I had the pleasure of attending the performance a while ago. “Aw Boon Haw” (played by Benjamin Chow) was portrayed as an eccentric Confucius fanboy and costumed in a distinctive two-tone red/tiger print pantsuit, striking me as the delightful missing piece of an unholy trinity completed by PT Barnum and Willy Wonka.
“I think you can’t do a show in Haw Par Villa without the ‘Haw’ and ‘Par’,” said Krish Natarajan, director of Strawberries Inc and also the playwright of The Secret Life of Haw Par Villa, explaining what had inspired him to incorporate the personal stories of the Aw brothers into the play alongside mythological characters like Lan Caihe and Sun Wukong.
“The brothers are so intertwined with the park, and I felt it was important to include them in the experience. Having Boon Haw lead the group grounds the tour in real events which are complemented by the fantastical inhabitants of the park.”

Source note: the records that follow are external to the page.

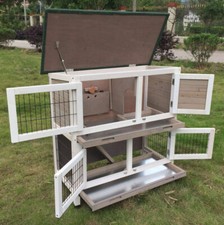 GREY RABBIT HUTCH GUINEA PIG HUTCHES RUN RUNS LARGE 2 TIER DOUBLE DECKER CAGE 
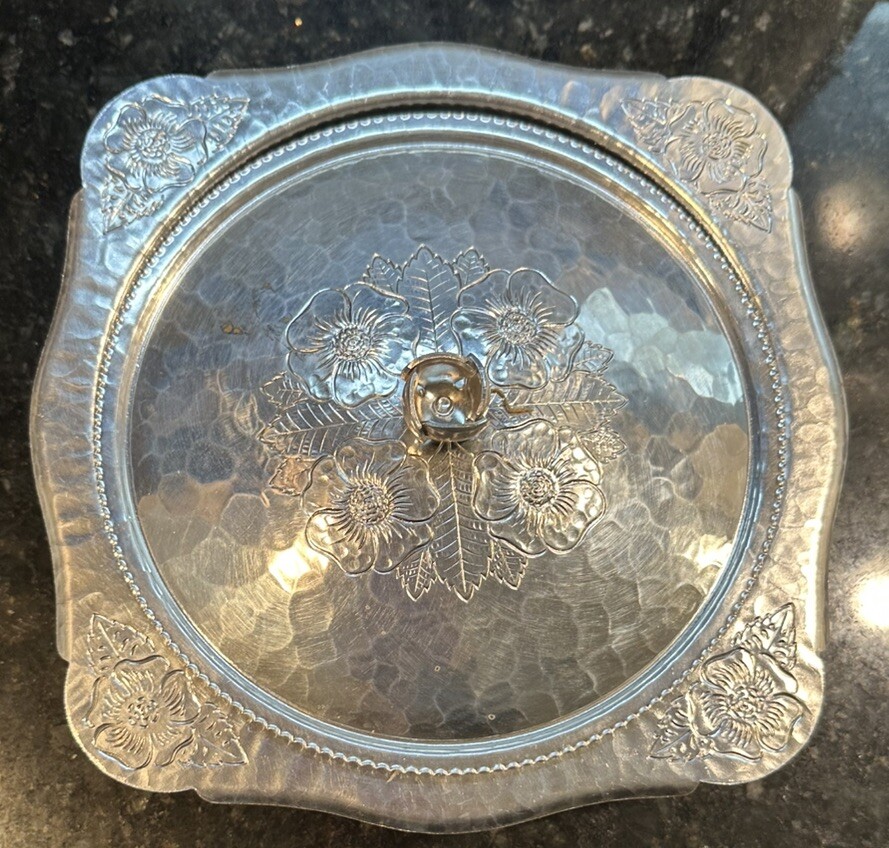 Continental Silver Co. Wild Rose Hammered Aluminum Covered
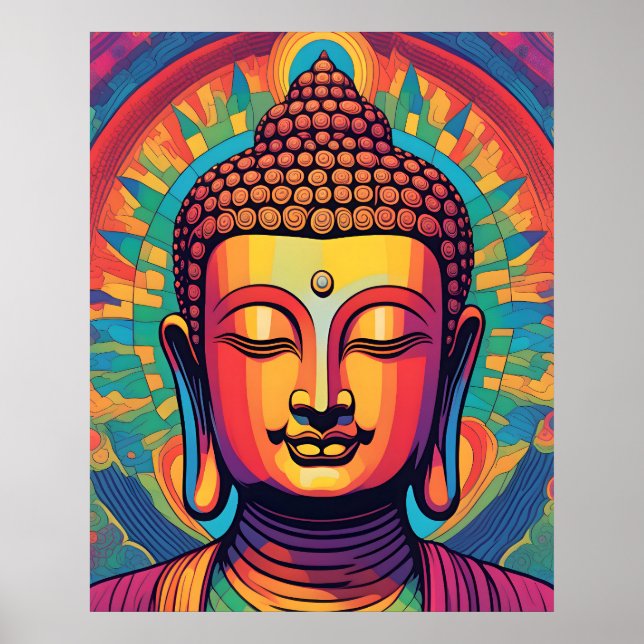 Abstrakte Moderne Kunst | Calm Buddha Portrait Poster (Vorne)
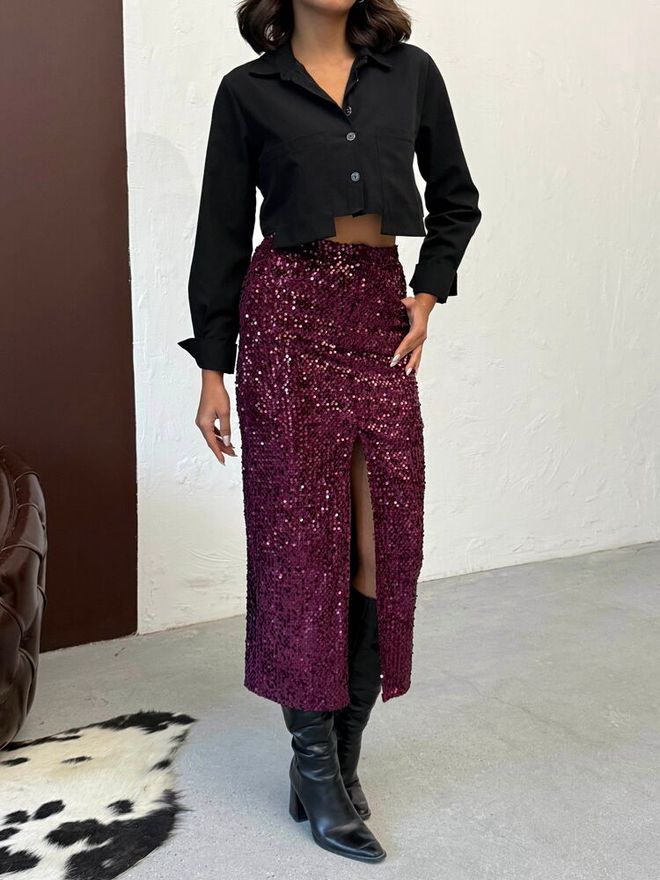 Topshow Falda Rojo Clarete Con Lentejuelas Lápiz Midi Cintura Alta Ropa al por mayor Primavera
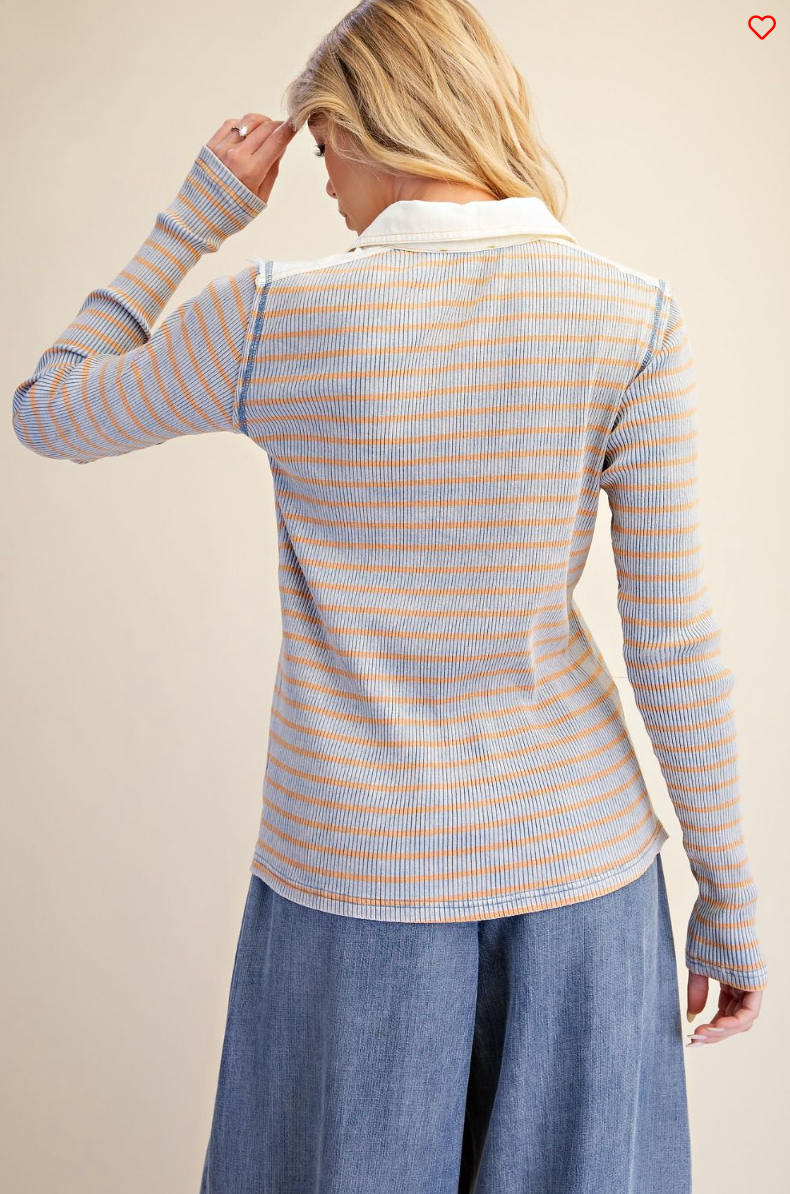Mineral-Washed henley top
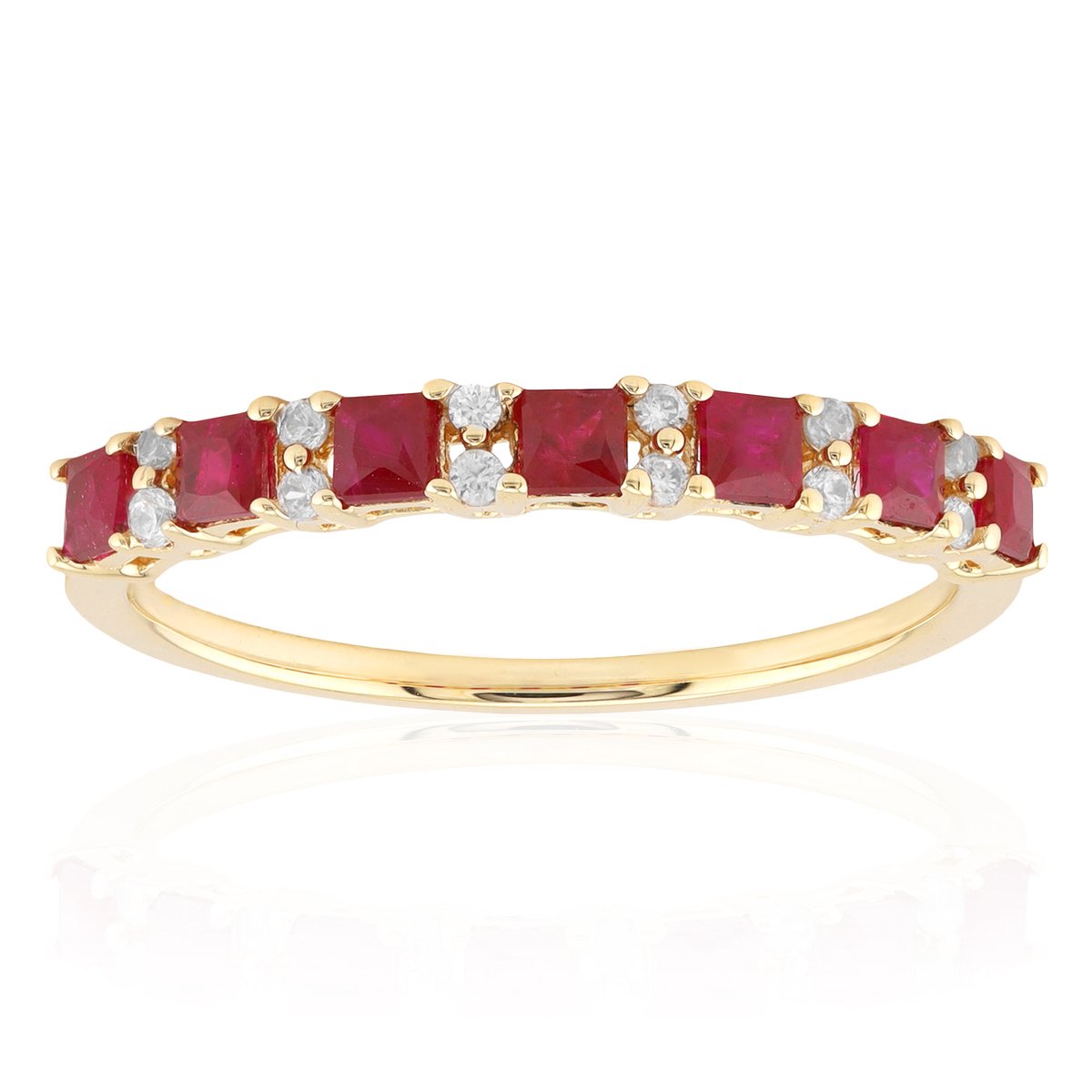 Cavill - 9-Karaats Gele Gouden Ring met 7 Princess Geslepen Mozambique Robijnen en 12 Zirkonia - Elegante Tijdloze Sieraden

While Krish took reference from the Sam King book while writing the script, he also cautions against confusing his story for history. Some of the elements of The Secret Life, such as the portrayal of Boon Haw as a Confucius fanboy (in a game segment called “Confucius Got Say Or Not”) and a fictional “sibling rivalry” with a more-progressive Boon Par was dramatized with “a lot of artistic licences”.
Returning to my initial impressions of the Aw brothers, I finally know why they stood out to me that day in front of the Jade House. In a park teeming with mythological creatures like Sun Wukong and the Eight Immortals, the subjects of the Jade House exhibition stood out because they were real. But it wasn’t just the fact that they were once real people who lived in 1930s Singapore or that their story was set in a time closer to mine than any other I could find in the bright and bizarre park.
Haw Par Villa might have started out as a statue park to educate the public on matters of morality. But perhaps the most significant lessons – on business, life, family, morality – are to be gleaned from the lives and fortunes of the Aw brothers themselves.
And, as we ring in the Year of the Tiger, perhaps a director out there will be inspired by and finally give these Tiger Balm brothers the film treatment they deserve.
I know a flashy Tiger Balm King who would certainly approve.